Tumors were classified and staged preoperatively and postoperatively according to the 1997 International System for Staging Lung Cancer5. Most of the patients had either squamous cell carcinoma or adenocarcinoma (37.9% and 41.1%, respectively). Pretreatment mediastinal staging was performed by cervical mediastinoscopy (27 patients, 21.8%) or endobronchial ultrasound (EBUS) (16 patients, 12.9%), when enlarged (> 1.0 cm) mediastinal lymph nodes were seen on CT or when high fluorodeoxyglucose (FDG) uptake was seen in mediastinal lymph nodes on PET-CT (performed in 92 patients, 74.2%). Chest wall involvement was classified as invasion of the diaphragm, chest wall muscles, or ribs. Involvement of mediastinal structures was classified as invasion of the mediastinal pleura (or pericardium), great vessels (aorta), esophageal wall, vertebral bodies, trachea, carina, or recurrent laryngeal nerve. Fifteen patients had been diagnosed preoperatively as having superior sulcus (Pancoast) tumors (SSTs) (12.1%).

Single-Station N2 disease was classified when only one mediastinal station lymph node was positive according to PET-CT results (generally, R4, 7 or L5). Multistation N2 disease was classified when lymph node involvement was identified by PET-CT in at least one mediastinal and one or more hilar and mediastinal stations or according to the size of the mediastinal lymph nodes (> 10 mm) on CT of the chest in the pre-PET era. At least three hilar and mediastinal station lymph nodes were routinely dissected or sampled within anatomical landmarks during pulmonary resection.

Surgical technique

All of the study patients underwent standard anesthesia with a double-lumen endotracheal tube, perioperative low thoracic epidural analgesia, and surgery by means of a similar technique consisting of a standard serratus muscle-sparing posterolateral thoracotomy in the fifth or sixth intercostal space6. Pulmonary resections were performed according to the European Society of Thoracic Surgeons Guidelines7 within four to six weeks of the completion of induction therapy. Mechanical staples were used for the closing of pulmonary veins, pulmonary arteries, and bronchi. The bronchial stumps were reinforced with viable intercostal, serratus or latissimus muscle flaps in selected cases (5 patients, 4.0%). Additional thoracic structures and/or the mediastinal pleura, including the pericardium, were resected in cases of local invasion. Pericardium reconstruction was performed by using bovine pericardium (Gore-Tex soft tissue patch, Delaware Corp, Newark) in cases of intra-pericardial resections. One 36 French chest tube was placed in the empty chest cavity, and it was generally removed within 24 h after the surgery in cases of pneumonectomy. Two 36 French chest tubes (one of them curved and one straight) were used in cases of bilobectomy or lobectomy.

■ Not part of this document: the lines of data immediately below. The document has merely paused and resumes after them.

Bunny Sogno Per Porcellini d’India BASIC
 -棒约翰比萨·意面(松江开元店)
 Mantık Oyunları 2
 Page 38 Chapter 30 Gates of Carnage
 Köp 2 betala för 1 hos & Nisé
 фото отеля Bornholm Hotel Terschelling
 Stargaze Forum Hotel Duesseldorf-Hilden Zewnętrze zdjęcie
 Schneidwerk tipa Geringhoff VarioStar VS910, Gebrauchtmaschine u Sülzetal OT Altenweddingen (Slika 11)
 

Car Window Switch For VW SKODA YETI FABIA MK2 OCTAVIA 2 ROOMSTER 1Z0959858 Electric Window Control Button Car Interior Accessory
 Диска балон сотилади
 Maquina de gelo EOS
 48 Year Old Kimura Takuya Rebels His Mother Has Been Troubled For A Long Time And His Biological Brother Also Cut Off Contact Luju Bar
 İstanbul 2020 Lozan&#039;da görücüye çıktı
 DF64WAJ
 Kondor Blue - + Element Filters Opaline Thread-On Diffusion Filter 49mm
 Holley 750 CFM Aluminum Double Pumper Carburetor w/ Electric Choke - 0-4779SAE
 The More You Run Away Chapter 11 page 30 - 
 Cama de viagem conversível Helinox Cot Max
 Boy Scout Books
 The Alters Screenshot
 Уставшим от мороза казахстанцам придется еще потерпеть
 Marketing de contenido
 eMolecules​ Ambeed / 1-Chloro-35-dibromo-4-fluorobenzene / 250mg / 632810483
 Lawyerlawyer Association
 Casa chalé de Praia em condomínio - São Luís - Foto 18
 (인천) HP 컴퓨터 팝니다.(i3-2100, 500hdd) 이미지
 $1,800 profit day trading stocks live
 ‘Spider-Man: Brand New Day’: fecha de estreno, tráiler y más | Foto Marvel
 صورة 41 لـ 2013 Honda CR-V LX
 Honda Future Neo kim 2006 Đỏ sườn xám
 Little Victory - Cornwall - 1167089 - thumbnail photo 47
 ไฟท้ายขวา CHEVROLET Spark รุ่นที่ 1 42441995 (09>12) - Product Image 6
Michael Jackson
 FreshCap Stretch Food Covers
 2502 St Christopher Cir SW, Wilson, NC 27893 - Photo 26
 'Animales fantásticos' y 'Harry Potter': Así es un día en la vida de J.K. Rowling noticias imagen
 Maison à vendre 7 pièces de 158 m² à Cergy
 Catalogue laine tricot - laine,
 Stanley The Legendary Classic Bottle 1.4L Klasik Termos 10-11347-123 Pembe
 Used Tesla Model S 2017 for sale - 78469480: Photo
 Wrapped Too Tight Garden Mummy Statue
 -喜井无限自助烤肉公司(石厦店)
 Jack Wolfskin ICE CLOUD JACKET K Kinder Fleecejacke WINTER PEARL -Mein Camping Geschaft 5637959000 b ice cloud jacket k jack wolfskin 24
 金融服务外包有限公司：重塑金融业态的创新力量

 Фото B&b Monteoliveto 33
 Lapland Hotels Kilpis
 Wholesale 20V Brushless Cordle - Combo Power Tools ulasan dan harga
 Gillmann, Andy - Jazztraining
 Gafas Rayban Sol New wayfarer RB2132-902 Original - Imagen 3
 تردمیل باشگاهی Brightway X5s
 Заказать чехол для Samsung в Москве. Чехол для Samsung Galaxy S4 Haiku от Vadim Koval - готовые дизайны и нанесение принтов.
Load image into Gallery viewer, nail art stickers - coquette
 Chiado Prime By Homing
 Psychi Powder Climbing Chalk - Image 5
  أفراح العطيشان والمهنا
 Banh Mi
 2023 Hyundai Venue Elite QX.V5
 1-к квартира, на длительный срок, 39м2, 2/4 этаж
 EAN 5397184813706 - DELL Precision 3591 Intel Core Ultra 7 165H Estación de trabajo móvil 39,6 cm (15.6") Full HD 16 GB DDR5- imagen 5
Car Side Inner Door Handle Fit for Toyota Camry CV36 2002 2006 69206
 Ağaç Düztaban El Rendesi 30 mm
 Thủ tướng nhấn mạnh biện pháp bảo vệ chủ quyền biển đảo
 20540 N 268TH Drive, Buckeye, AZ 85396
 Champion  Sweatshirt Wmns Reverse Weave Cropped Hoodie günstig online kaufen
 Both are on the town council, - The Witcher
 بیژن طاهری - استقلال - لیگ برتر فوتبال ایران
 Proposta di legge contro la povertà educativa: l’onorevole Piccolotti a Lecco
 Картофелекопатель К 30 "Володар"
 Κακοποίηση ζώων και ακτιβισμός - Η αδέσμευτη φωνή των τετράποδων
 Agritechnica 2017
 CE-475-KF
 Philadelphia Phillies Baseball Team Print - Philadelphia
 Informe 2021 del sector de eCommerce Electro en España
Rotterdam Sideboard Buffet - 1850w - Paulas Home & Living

Generally, patients were extubated in the recovery room, initially monitored in the high-dependency unit for 24–48 h and, thereafter, transferred to the thoracic surgery department intensive care ward. Early hospital mortality was defined as death occurring during the postoperative hospitalization period. Late mortality was defined as death occurring within 6 months after surgery. The patients were followed postoperatively for cancer recurrence and survival every 3 months for the first year and every 6 months thereafter (mean: 43.6 months), and the final data on survival were recorded on January 1, 2020.

Statistical analysis

Due to the heterogeneity of stage III NSCLC, we evaluated different parameters of patients with locally advanced potentially resectable disease separately and together to analyze the factors that potentially influence postoperative outcome or survival. Such factors included the following:

  • postoperative complications: atelectasis, mechanical ventilation, atrial fibrillation, acute renal failure, empyema, tracheostomy, pneumonia, early and late bronchopleural fistula, acute respiratory distress syndrome (ARDS), air leak, intraoperative hemorrhage and recurrent laryngeal nerve palsy;

  • sex and comorbidities: coronary artery disease (CAD), chronic obstructive pulmonary disease (COPD), peripheral vascular disease (PVD), chronic renal failure (CRF), hypothyroidism, obesity, noninsulin-dependent diabetes mellitus (NIDDM), hypertension (HTN), peptic disease, and smoking;

  • histologic type of tumor, side of surgery, kind of surgery (pneumonectomy, lobectomy, bilobectomy), extent of surgery (extrapleural, intra-pericardial and completion resection), and tumor location (endobronchial, Pancoast tumors, subcarinal and paraesophageal), and local recurrence;

  • preoperative treatment (chemotherapy and chemoradiation), pre-neoadjuvant PET-CT, pre-neoadjuvant mediastinal staging (N2 negative or N2 single positive lymph node and multiple positive N2 lymph nodes), pre-neoadjuvant size of mediastinal lymph nodes (< 20 mm and > 20 mm), pretreatment staging (IIIA & IIIB), pathologic postoperative staging (IA–IV and complete pathologic response, CPR), surgical margins (R0 & R1), persistent N2 disease, visceral and parietal pleural and vascular invasion.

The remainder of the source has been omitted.